» REQUIRED WORK: Word for word, repeat the entries, minus the pictures.

Collection entries:
···
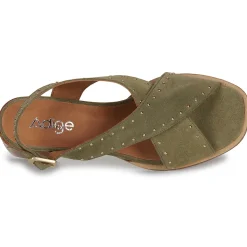 Adige - ROMY< Sandales Et Nu-pieds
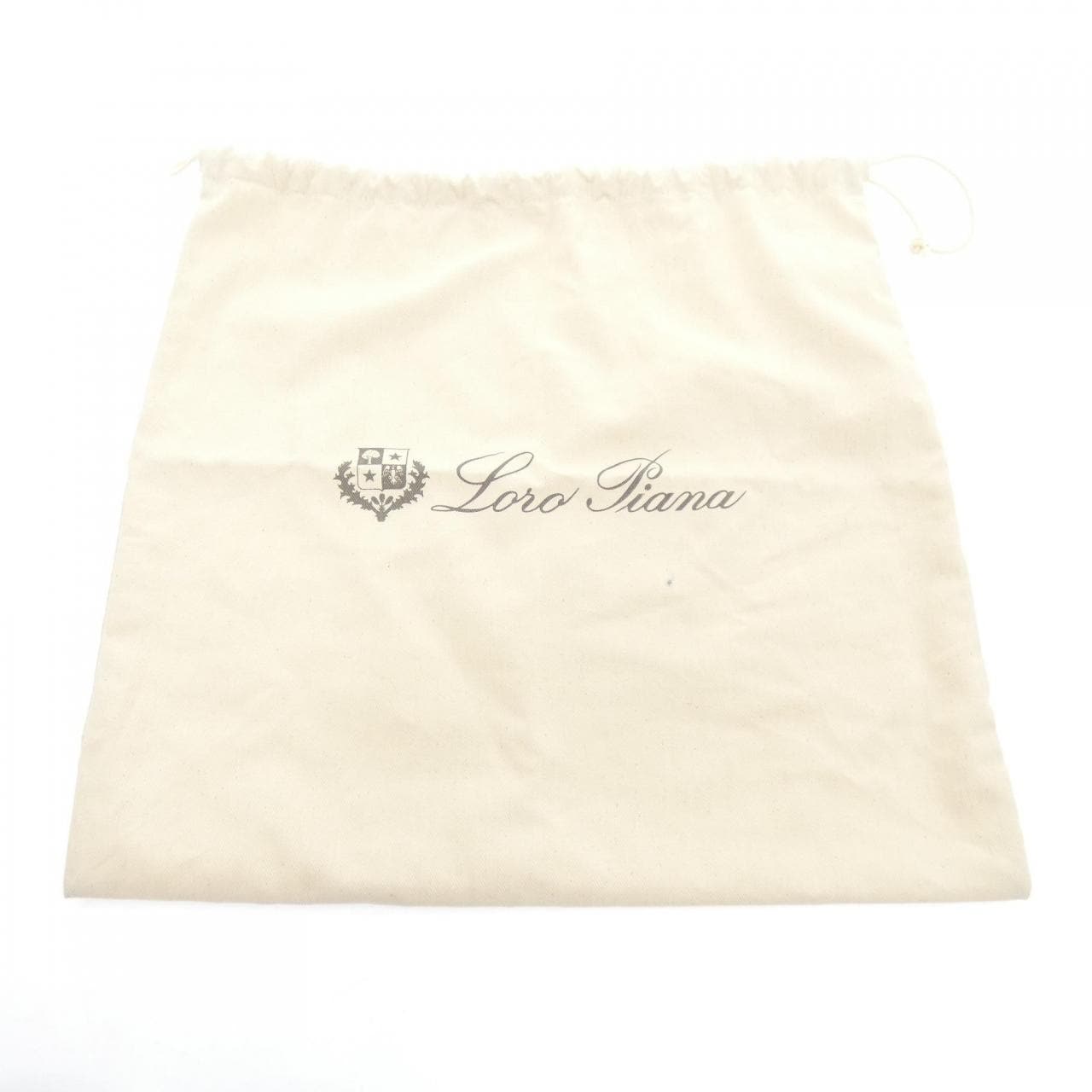 ロロピアーナ Loro Piana BAG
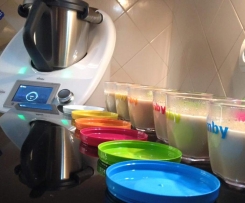 pudim de bolacha maria (leiteira)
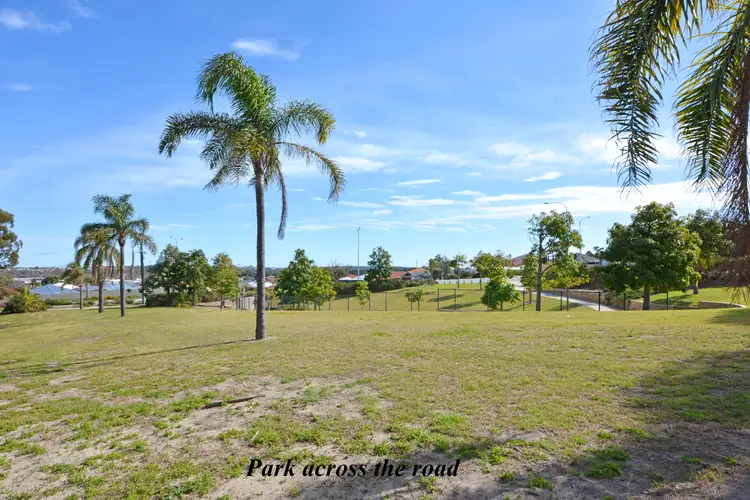 Fourth view of Homely land listing, 14 Carisbrooke Loop, Hocking WA 6065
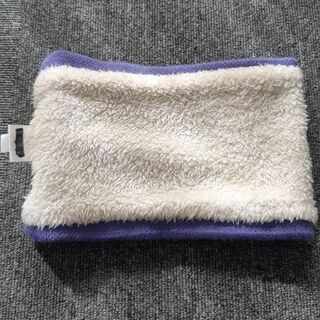 プリンセスソフィア　ネックウォーマー　キッズの画像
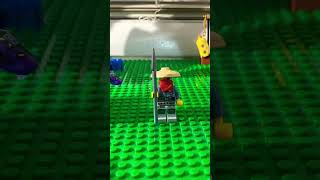 LEGO Stop Motion #lego #stopmotion #shorts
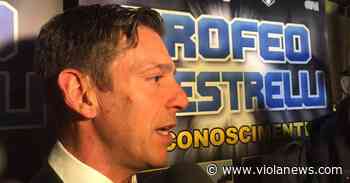 Pagnini: “Massa per la Fiorentina ok, Inter-Roma vi spiego” - Viola News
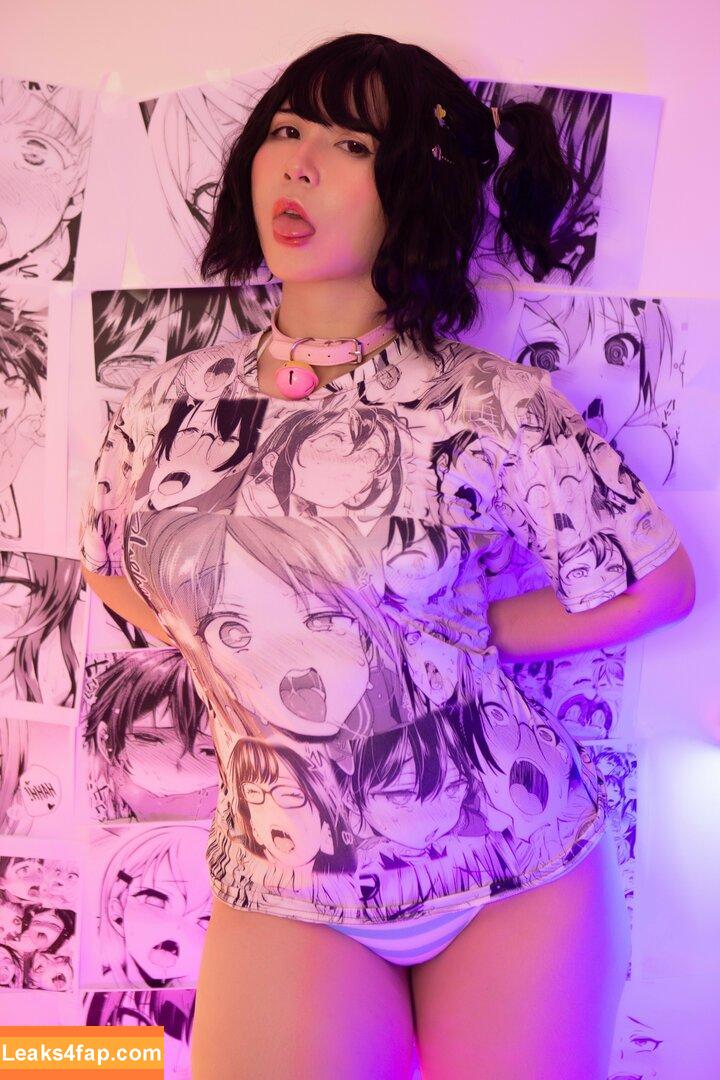 uyuy2907 / uyuychan2907 leaked photo photo #0031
···
» ANSWER TO THIS EXERCISE:
 Adige - ROMY< Sandales Et Nu-pieds
 ロロピアーナ Loro Piana BAG
 pudim de bolacha maria (leiteira)
 Fourth view of Homely land listing, 14 Carisbrooke Loop, Hocking WA 6065
 プリンセスソフィア　ネックウォーマー　キッズの画像
 LEGO Stop Motion #lego #stopmotion #shorts
 Pagnini: “Massa per la Fiorentina ok, Inter-Roma vi spiego” - Viola News
 uyuy2907 / uyuychan2907 leaked photo photo #0031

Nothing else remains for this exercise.